February 3, 2014
On December 31, 2013, in Newco Energy v. Energytec, Inc. (In re Energytec, Inc), the Fifth Circuit ruled that certain rights connected to a gas pipeline–in particular, the right to receive a "transportation fee" based on gas throughput and the requirement that the recipient of the transportation fee consent to any assignment of interests in the pipeline–were covenants running with the land under Texas law. Because a covenant running with the land can survive a sale in bankruptcy and cannot be "rejected" in bankruptcy, the ruling indicates that covenants such as those addressed in the Energytec case may survive the bankruptcy of the party bound by them and may limit the party’s ability to sell the relevant assets free and clear of all liens.
Energytec, Inc. ("Energytec") filed for bankruptcy in 2009, and at the time held property including a pipeline system acquired from Producers Pipeline Corporation ("Producers"). This pipeline system, in turn, had been acquired by Producers from its original owner pursuant to an agreement requiring that Producers pay Newco Energy, Inc. ("Newco") a transportation fee based on gas throughput and that Newco consent to any assignment of Producers’ interests in the pipeline. The agreement specified that Newco’s rights were to "run with the land" and gave Newco a security interest and lien on the pipeline system to secure payment of the transportation fee. Energytec expressly assumed the obligation to pay the transportation fee when it acquired the pipeline system from Producers.
As part of Energytec’s bankruptcy proceedings, Energytec sold a substantial portion of its assets to a third party buyer in a sale under Section 363 of the Bankruptcy Code, and it requested (with limited exceptions) that the sale be free and clear of any liens, claims or encumbrances, including Newco’s. The sale was approved and consummated, but the parties reserved for later determination the issue of whether the sale was in fact free and clear of Newco’s rights related to the pipeline. Newco later moved to resolve the issue, arguing that its rights to the transportation fee and to consent ran with the land and, therefore, that the pipeline could not be sold free and clear of such interests. The bankruptcy court ruled that Newco’s interest in the transportation fee was not a covenant running with the land without addressing Newco’s consent right. The district court affirmed.
The Fifth Circuit Analysis
The Fifth Circuit, analyzing on appeal whether Newco’s rights were a covenant running with the land, generally accepted the test set forth in Inwood N. Homeowners’ Ass’n, Inc. v. Harris as controlling in Texas. Accordingly, the Fifth Circuit accepted that "a covenant runs with the land when it  touches and concerns the land;  relates to a thing in existence or specifically binds the parties and their assigns;  is intended by the original parties to run with the land; and  when the successor to the burden has notice." In addition, the Fifth Circuit noted that Inwood "referred to a requirement of privity but did not detail it." Concluding that the other elements were met, and after addressing ambiguous Texas case law on the requirements of privity, the Fifth Circuit turned to whether the covenants to Newco "touched and concerned the land."

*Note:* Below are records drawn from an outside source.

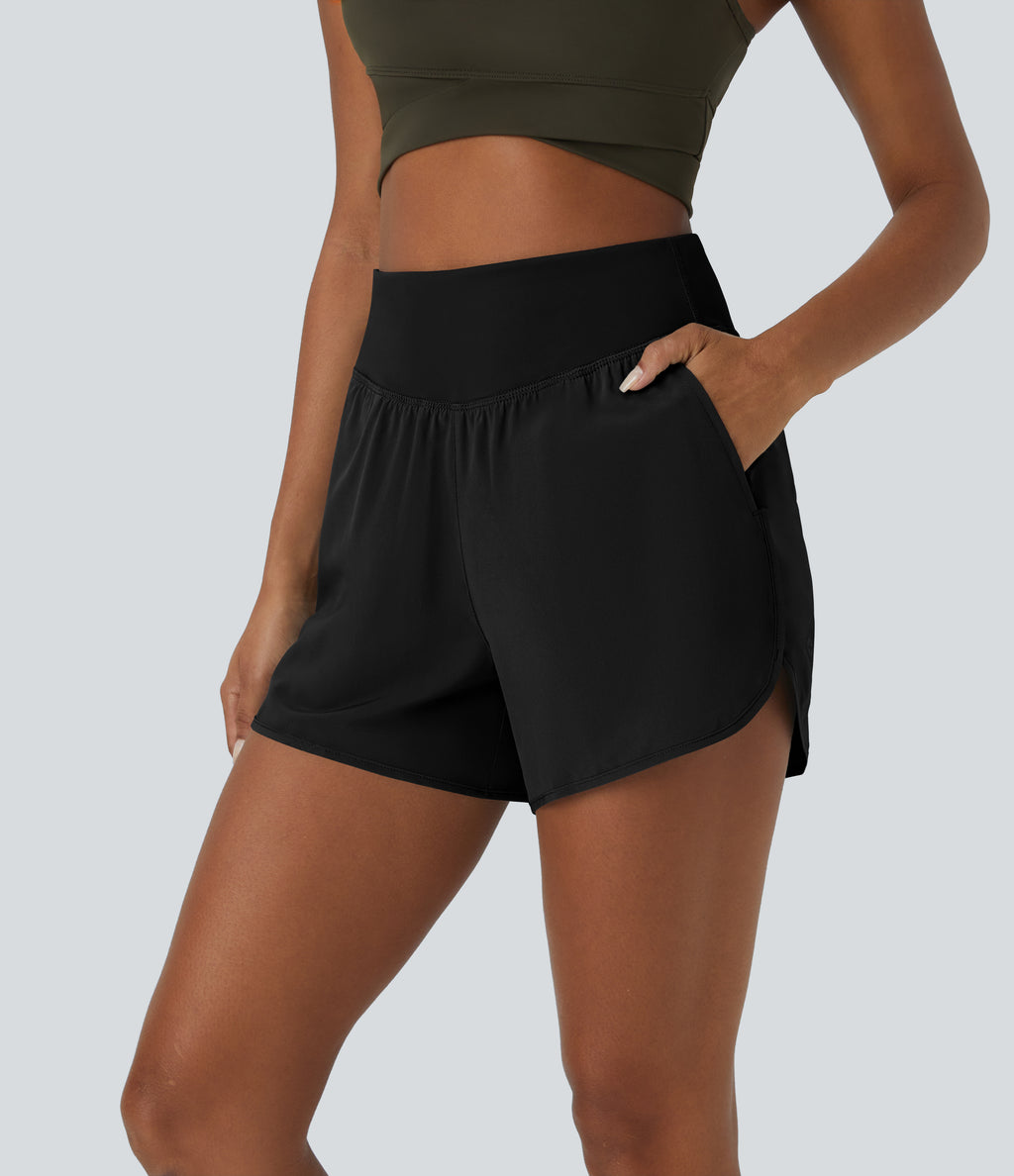 High Waisted Pocket Quick Dry Casual Shorts 4" — Black — view 1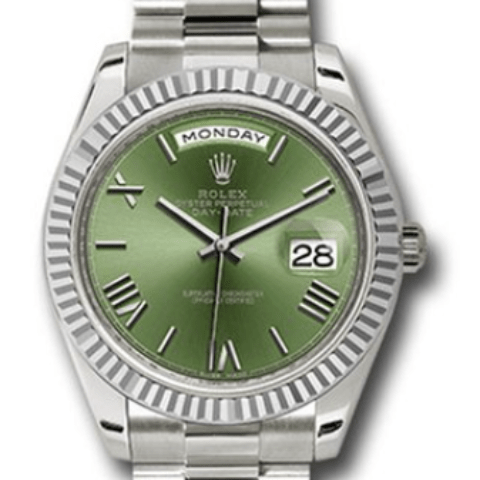 Rolex Green Dial Day-Date 40 White Gold 228239 ogrp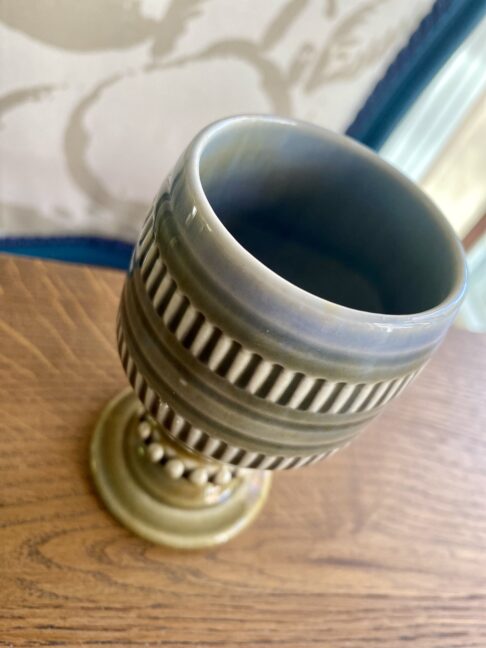 A handmade Wade Irish pottery goblet seen from above.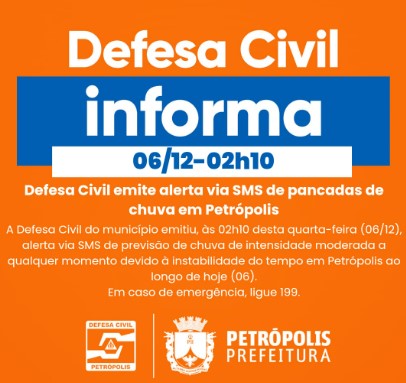 Defesa Civil emite alerta via SMS de pancadas de chuva em Petrópolis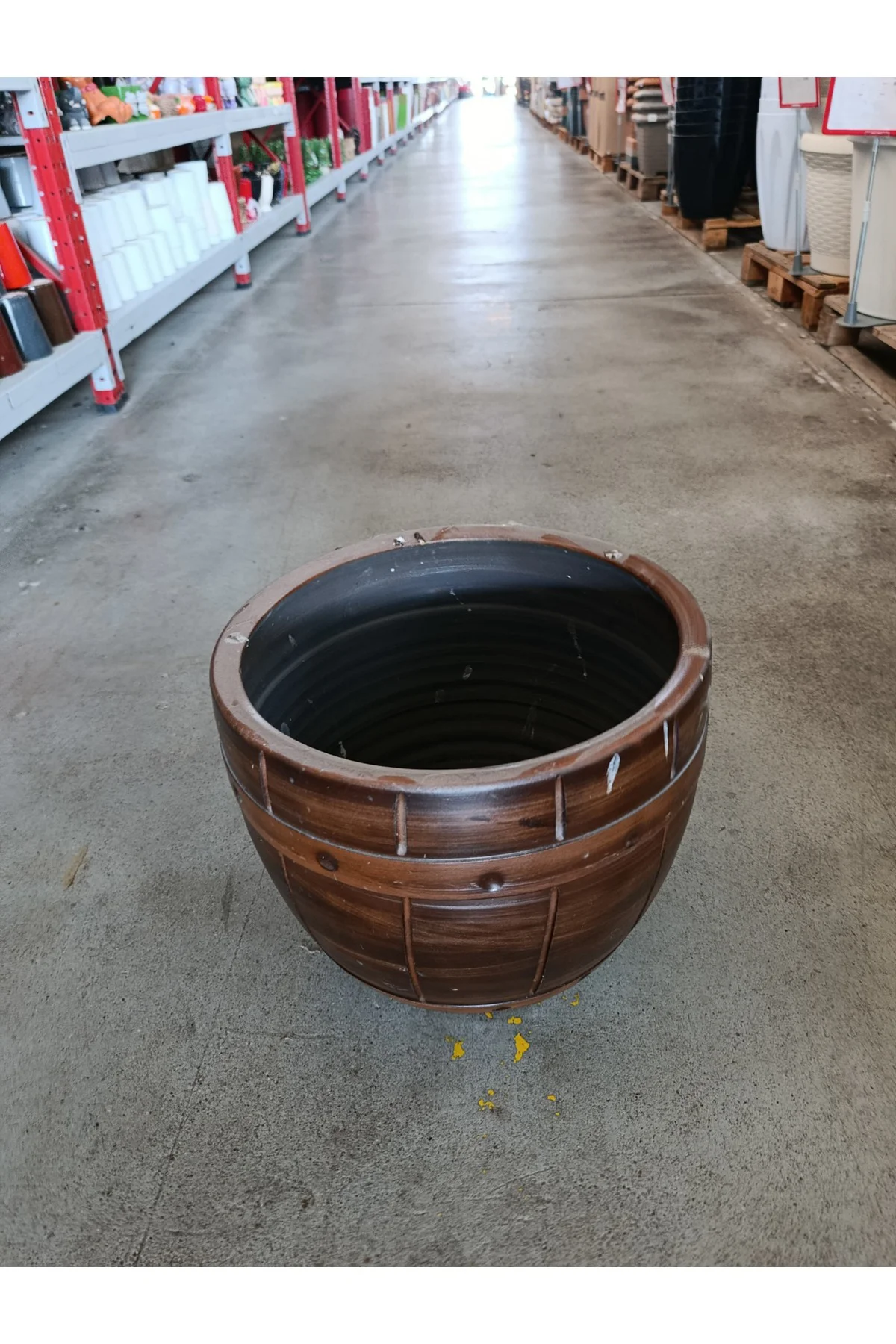 60 Litre Hafif Beton Kahverengi Dekoratif Taş Saksı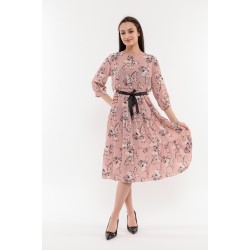 Розова рокля с флорали Alexandra Italy / 3280
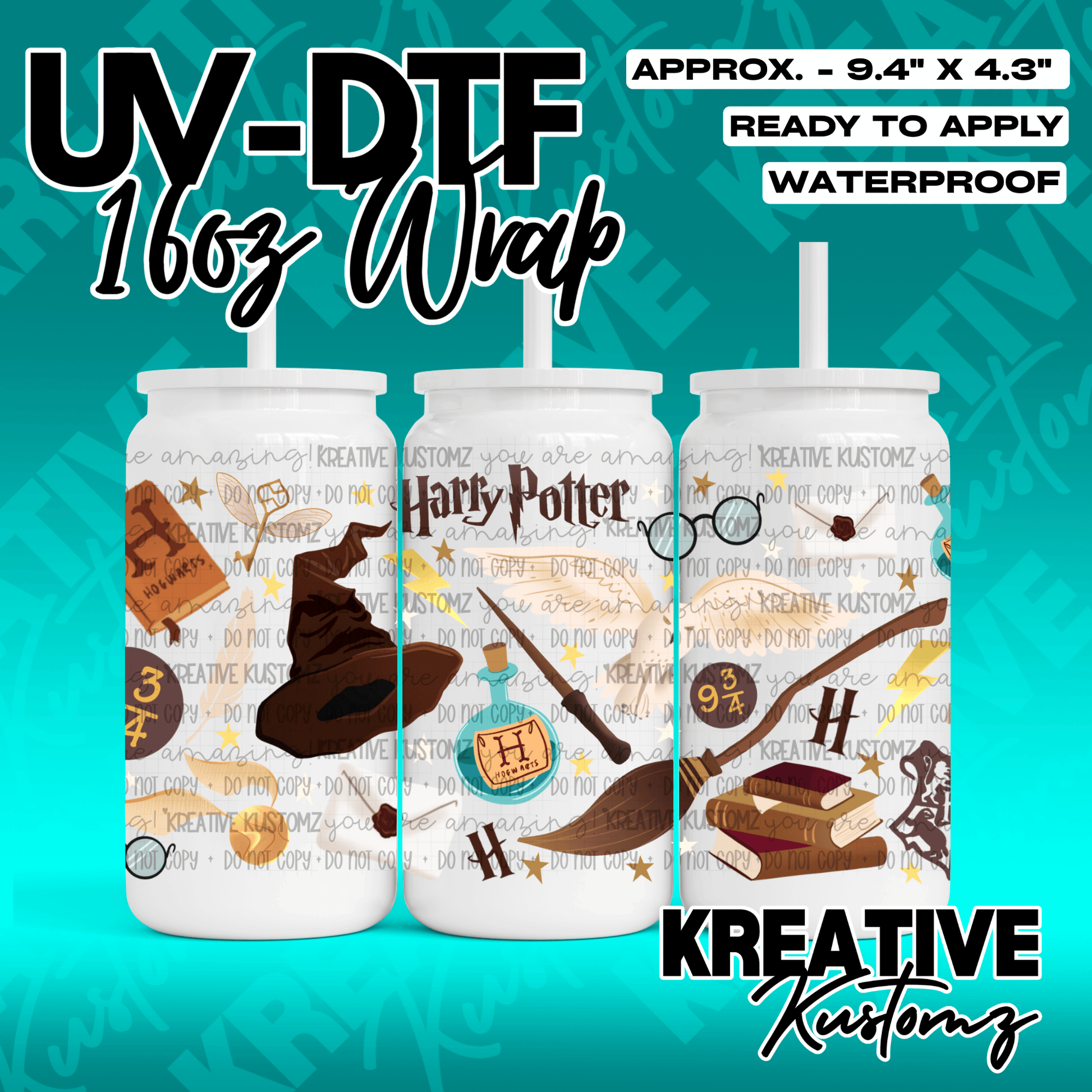 A Harry Potter themed UV DTF adhesive wrap for 16oz glass cans featuring magical icons.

The Fifth Circuit noted that the Texas Supreme Court had considered several tests in determining whether an agreement to convey interests in oil and gas leases ran with the land in Westland Oil Development Corp. v. Gulf Oil Corp. One test assessed whether the applicable covenant "affected the nature, quality or value of the thing demised, independently of collateral circumstances, or if it affected the mode of enjoying it." The other considered the covenant’s effect on the value of the burdened property:
If the promisor’s legal relations in respect to the land in question are lessened — his legal interest as owner rendered less valuable by the promise — the burden of the covenant touches or concerns that land; if the promisee’s legal relations in respect to that land are increased — his legal interest as owner rendered more value by the promise — the benefit of the covenant touches or concerns the land.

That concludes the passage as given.